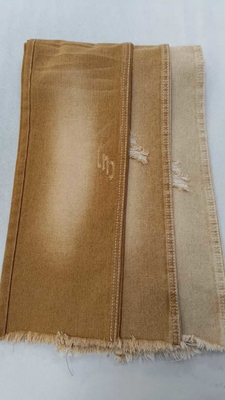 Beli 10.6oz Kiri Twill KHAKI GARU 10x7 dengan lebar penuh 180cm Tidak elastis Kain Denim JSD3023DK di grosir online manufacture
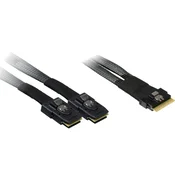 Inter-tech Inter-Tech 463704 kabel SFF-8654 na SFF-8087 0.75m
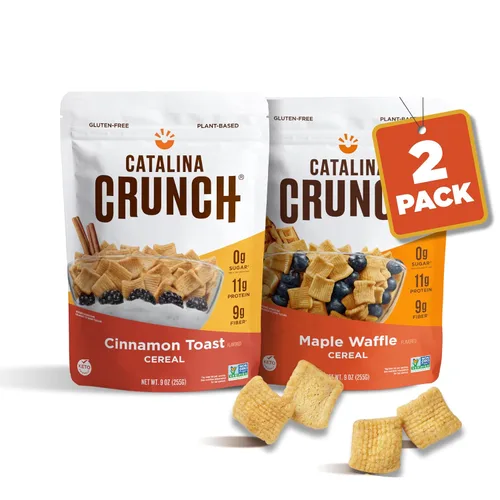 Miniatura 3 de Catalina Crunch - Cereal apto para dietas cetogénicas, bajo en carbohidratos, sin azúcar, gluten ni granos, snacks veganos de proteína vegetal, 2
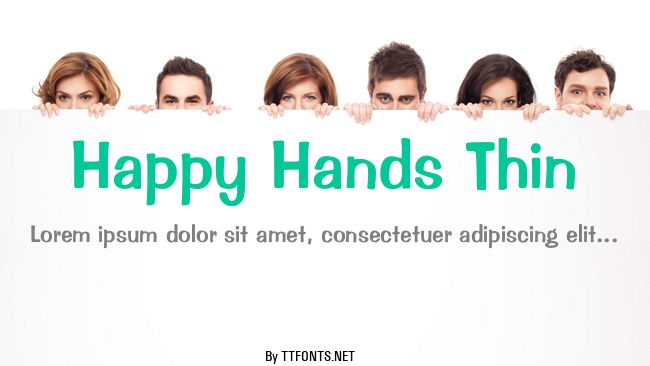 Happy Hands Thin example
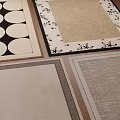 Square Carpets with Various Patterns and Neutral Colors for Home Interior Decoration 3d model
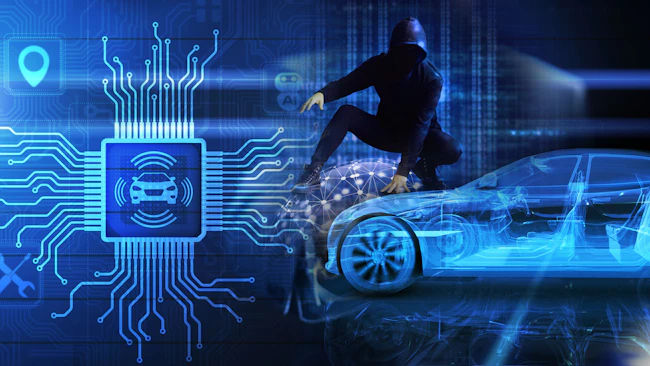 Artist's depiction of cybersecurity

++++++++

● **Task brief**
In the records above, find the line with "Miniatura 3 de" and copy from it through the last line exactly, without the pictures.

● **Answer area**
 Miniatura 3 de Catalina Crunch - Cereal apto para dietas cetogénicas, bajo en carbohidratos, sin azúcar, gluten ni granos, snacks veganos de proteína vegetal, 2
 Happy Hands Thin example
 Square Carpets with Various Patterns and Neutral Colors for Home Interior Decoration 3d model
 Artist's depiction of cybersecurity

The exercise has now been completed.